RECESSION AND POLITICAL CHAOS
Brazilians have other concerns. Economic output fell by 3.8 per cent in 2015, and the country is facing its biggest recession since the 1930s. Some 9.6 million people are now unemployed in once-booming Brazil. The country is meanwhile in the middle of a political crisis. The Brazilian congress last week voted to impeach Brazilian President Dilma Rousseff, who has lost almost all her coalition partners. If she is suspended, vice-president Michel Temer would open the Games. The developments come amid a huge corruption scandal in which more than 50 politicians are linked. The country is deeply divided, and as a result of the poor economic situation the Rio Games organizers have been forced to make radical savings. There will be thousands of fewer volunteers, and athletes will have to put up with less comfort.
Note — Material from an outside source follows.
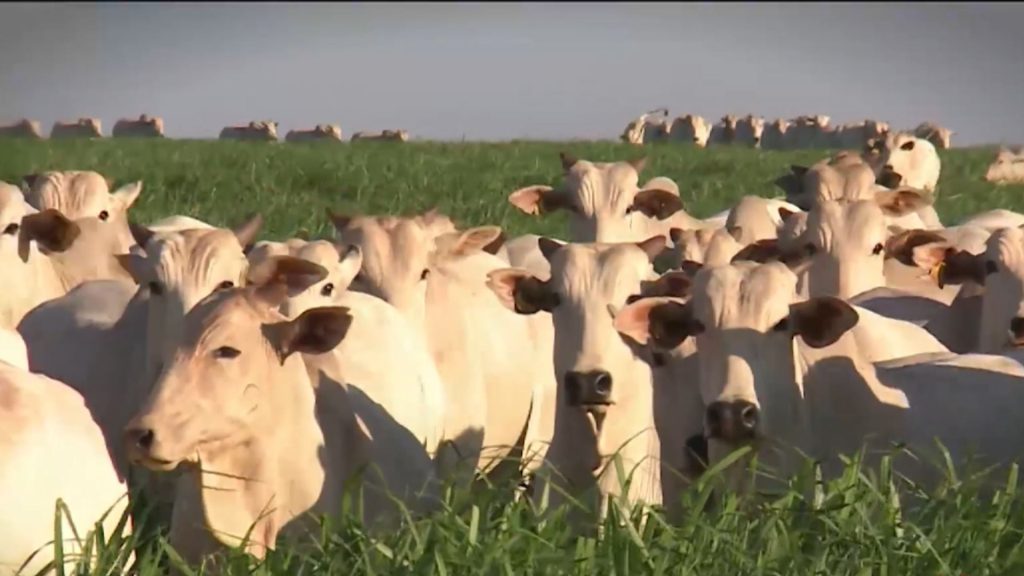 Foto: Reprodução/Giro do Boi.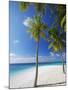 Palm Trees on Beach, Maldives, Indian Ocean, Asia-Sakis Papadopoulos-Mounted Photographic Print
The opening and closing ceremonies will be much more modest than first planned.
THE METRO PROBLEM
The biggest worry is the new metro line linking the city to the Olympic Park in the Barra district. It is the most important infrastructure project, taking up around a quarter of the entire budget, but will possibly not be completely ready on time. Originally the line was to cost 8.5 billion reais, but could now reach more than 10 billion (2.8 billion dollars). As a compromise there could be a limited version. In the worst case, tourists would have to travel the 40-kilometre distance from city centre to the Olympic Park by shuttle bus. Getting around could be nerve-racking for hundreds of thousands of Rio visitors - already the roads to Barra are often jammed.
SAILING IN THE CESSPOOL
Can the power of images - for example the giant Christ the Redeemer statue looking down on the rowers in the Rodrigo de Freitas Lagoon - help gloss over the problems. The lagoon has suffered chronic fish kills as a result of pollution. Even more dramatic is the quality of the sailing waters in the picturesque Guanabara Bay. Faeces, sewage, multi-resistant bacteria make it advisable not to fall in the water. The pollution debate has led to environmental concerns being given greater political focus, but the bay, crossed by giant container ships on the way to the harbour, is simply too big for there to be rapid improvements on water quality.
SLOW TICKET SALES
Concerns over the mysterious Zika virus may have put some Olympics fans off of making a visit to Rio. However mosquitoes carrying the virus are much less active in the winter months, and Rio is not as affected as the northeast. Of 7.4 million tickets, only some 62 per cent have been sold so far. It is hoped sales will pick up now the draws have been made for the football tournaments.
GLOOMY SPORTING PROSPECTS
The atmosphere will also depend on the success of Brazilian athletes, but medals prospects are not that bright. The country's only swimming gold medallist, Cesar Cielo, has missed qualification. Brazil's best female sprinter, Ana Claudia Lemos, will also be watching the Games on the sidelines after failing a doping test. A gold medal in football is almost compulsory with Brazil hoping star striker Neymar, who has been released by Barcelona for the tournament, can inspire them to victory. At the 2012 London Games, Brazil were 22nd in the medals table, garnering three gold, five silver and nine bronze medals. But the organizers are hoping the Games will ride a wave of traditional Brazilian joy and passion and in the end they can say, "tudo bem."